What to work on
Please state how many lines of the records hold the string "Casa", giving nothing but the number.

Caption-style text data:
Content starts
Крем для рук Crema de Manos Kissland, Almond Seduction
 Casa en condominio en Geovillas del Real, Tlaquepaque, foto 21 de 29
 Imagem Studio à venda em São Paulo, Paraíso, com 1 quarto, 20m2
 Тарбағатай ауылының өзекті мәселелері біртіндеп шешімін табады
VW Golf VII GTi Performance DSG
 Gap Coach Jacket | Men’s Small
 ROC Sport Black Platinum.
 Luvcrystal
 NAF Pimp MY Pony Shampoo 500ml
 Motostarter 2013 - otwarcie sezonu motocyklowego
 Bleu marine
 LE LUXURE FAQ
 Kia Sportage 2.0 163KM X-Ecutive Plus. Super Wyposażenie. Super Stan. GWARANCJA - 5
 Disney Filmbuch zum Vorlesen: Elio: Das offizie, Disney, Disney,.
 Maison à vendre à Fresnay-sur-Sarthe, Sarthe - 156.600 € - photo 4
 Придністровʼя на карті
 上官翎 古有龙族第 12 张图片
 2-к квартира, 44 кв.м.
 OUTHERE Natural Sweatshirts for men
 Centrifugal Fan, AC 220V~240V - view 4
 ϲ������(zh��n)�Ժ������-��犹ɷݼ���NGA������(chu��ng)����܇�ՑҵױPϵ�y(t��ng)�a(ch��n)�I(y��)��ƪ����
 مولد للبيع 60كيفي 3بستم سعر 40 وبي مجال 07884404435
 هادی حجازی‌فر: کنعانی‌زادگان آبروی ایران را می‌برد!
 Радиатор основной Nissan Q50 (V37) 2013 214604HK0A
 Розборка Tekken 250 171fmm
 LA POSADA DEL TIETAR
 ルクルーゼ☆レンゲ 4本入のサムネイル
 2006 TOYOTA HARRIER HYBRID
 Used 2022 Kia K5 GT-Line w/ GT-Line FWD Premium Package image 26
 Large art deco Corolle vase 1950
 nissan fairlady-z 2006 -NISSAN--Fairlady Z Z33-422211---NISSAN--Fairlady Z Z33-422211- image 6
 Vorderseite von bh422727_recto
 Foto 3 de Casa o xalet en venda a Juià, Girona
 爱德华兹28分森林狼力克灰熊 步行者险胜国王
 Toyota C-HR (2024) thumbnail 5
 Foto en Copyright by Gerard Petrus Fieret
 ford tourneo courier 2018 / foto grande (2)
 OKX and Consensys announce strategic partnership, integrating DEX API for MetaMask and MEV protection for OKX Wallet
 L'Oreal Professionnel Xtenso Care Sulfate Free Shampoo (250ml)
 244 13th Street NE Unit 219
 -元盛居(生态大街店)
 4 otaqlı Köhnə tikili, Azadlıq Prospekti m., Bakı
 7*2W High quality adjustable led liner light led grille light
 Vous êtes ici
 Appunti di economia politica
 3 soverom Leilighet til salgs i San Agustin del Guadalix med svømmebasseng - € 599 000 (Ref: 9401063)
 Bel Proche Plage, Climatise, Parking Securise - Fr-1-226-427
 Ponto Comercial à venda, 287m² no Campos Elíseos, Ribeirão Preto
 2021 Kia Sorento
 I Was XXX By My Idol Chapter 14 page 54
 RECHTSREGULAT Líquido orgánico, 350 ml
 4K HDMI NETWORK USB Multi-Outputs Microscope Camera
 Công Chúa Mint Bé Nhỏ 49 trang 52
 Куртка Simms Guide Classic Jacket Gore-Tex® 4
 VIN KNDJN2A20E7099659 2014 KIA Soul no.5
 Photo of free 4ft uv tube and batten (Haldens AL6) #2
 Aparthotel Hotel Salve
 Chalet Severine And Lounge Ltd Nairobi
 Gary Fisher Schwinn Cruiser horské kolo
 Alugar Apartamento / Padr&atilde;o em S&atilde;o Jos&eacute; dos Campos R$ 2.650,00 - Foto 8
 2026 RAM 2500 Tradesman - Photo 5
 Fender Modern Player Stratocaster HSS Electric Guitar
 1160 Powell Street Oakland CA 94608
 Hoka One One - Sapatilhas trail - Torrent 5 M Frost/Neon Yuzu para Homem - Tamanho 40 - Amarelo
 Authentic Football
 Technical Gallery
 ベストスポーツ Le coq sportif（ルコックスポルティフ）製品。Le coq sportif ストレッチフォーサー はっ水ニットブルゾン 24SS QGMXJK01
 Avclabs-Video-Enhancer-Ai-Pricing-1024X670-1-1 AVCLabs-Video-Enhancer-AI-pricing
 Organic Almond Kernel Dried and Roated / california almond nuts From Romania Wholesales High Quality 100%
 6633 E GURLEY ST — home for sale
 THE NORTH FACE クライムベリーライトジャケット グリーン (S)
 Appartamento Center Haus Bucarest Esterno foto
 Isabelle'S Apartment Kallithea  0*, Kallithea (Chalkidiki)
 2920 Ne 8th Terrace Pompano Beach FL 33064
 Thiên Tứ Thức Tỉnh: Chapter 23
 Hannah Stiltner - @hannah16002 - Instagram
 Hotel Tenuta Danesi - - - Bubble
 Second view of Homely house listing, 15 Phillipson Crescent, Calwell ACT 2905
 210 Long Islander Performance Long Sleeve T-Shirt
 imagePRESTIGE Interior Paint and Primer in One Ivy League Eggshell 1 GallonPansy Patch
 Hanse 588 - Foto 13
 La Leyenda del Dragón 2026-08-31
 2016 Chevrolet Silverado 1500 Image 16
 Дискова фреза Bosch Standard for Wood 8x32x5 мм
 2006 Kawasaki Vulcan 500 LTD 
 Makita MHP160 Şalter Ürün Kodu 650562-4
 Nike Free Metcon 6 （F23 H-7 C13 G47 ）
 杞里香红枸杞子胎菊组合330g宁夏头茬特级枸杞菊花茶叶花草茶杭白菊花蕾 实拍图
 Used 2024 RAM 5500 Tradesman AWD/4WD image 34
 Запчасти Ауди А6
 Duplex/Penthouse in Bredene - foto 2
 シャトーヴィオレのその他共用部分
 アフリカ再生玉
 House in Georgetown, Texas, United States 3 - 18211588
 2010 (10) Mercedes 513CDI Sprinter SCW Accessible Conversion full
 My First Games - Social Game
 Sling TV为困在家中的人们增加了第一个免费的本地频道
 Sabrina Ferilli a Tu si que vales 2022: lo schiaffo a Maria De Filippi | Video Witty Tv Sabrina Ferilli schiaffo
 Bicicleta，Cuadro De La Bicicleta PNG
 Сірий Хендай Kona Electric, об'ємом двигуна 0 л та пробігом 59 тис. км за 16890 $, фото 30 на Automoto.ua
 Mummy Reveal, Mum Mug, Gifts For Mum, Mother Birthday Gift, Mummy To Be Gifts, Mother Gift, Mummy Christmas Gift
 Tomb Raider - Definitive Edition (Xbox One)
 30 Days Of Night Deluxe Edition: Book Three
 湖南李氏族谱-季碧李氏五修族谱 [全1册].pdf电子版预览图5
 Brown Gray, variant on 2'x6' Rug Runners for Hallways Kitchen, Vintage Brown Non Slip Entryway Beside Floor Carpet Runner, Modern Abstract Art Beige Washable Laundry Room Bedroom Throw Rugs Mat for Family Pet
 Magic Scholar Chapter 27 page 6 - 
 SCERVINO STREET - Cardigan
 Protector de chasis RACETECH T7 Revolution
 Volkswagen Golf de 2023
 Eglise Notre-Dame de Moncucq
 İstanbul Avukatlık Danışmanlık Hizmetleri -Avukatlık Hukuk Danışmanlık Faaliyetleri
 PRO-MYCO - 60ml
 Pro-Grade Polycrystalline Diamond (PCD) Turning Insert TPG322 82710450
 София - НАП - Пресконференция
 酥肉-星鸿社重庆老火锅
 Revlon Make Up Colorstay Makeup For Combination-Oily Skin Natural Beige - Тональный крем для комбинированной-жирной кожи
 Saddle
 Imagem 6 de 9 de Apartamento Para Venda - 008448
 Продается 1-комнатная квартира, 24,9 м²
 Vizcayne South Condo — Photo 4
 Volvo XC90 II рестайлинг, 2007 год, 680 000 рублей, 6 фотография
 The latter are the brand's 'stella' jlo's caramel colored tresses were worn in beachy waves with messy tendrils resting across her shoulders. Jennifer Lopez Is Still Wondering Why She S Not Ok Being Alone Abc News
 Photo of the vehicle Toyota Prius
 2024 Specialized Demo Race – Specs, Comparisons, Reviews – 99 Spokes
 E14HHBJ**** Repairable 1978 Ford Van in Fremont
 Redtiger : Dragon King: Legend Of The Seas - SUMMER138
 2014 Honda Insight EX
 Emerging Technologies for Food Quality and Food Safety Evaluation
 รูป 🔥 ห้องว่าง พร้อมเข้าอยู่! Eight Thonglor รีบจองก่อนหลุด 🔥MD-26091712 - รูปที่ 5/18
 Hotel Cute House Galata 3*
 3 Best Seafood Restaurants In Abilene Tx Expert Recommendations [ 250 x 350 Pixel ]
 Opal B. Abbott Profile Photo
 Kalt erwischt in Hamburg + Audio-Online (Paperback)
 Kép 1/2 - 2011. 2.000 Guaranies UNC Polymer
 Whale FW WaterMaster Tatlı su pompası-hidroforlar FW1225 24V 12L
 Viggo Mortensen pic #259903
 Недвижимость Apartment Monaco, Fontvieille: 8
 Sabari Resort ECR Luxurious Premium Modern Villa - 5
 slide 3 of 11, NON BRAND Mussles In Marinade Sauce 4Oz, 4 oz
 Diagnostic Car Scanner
Content ends
Result of this task
2